De belanghebbenden zijn van oordeel dat het spoor binnen het huidige regelgevingskader ondermaats presteert inzake kwaliteit en operationele efficiency. Bij het Eurobarometeronderzoek van 2012 gaf slechts 54 % van de respondenten aan tevreden te zijn over het binnenlands of regionaal spoorvervoer. In het consumentenscorebord voor 2011 bedraagt de algemene tevredenheid van spoorwegpassagiers 6,7/10[3]. Daarmee scoort het spoor een stuk lager dan de meeste consumptiegoederen en diensten. Het spoor behaalt de slechtste score van alle andere vervoerswijzen (met name het stedelijk openbaar vervoer en de luchtvaart scoren beter) en strandt op de 27ste plaats van 30 dienstenmarkten. Er zijn aanzienlijke verschillen tussen de operationele efficiency van de beste en slechtst presterende spoorsystemen. Deze verschillen zijn een weergave van de grote verschillen in de aanwending van middelen zoals rollend materieel en infrastructuur en in arbeidsproductiviteit. Door die sterk uiteenlopende operationele prestaties slorpt het spoor in vergelijking met andere sectoren veel openbare middelen op (zonder rekening te houden met middelen voor infrastructuur) en maken veel spoorwegondernemingen verlies.

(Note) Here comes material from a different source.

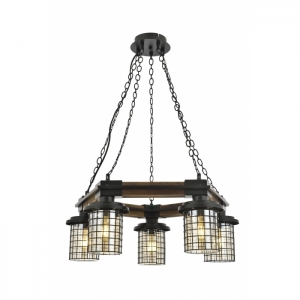 AVONNI AV-60002-5ET Eskitme Kaplama Modern Avize, E27, Metal, Ahşap, Cam, 50cm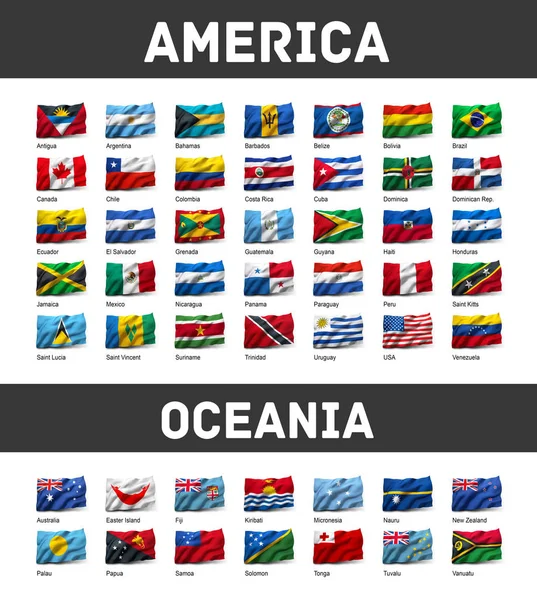 Zestaw flag amerykańskich i Oceania — Zdjęcie stockowe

Een aantal belemmeringen staan een verbetering van de kwaliteit van de dienstverlening en van de operationele efficiency van de spoorwegondernemingen in de weg. Deze obstakels hebben in de eerste plaats te maken met de toegang tot de markt voor het binnenlands passagiersvervoer en het ontbreken van concurrentiedruk. In talrijke lidstaten zijn deze markten gesloten voor concurrentie. Dit beperkt niet alleen de groei maar leidt ook tot verschillen tussen lidstaten die hun markt hebben opengesteld en landen waar dat niet het geval is. De verschillende beleidsvisies van de lidstaten inzake de opening van de markt voor binnenlands passagiersvervoer per spoor belemmeren het ontstaan van een reële Europese markt voor het passagiersvervoer per spoor.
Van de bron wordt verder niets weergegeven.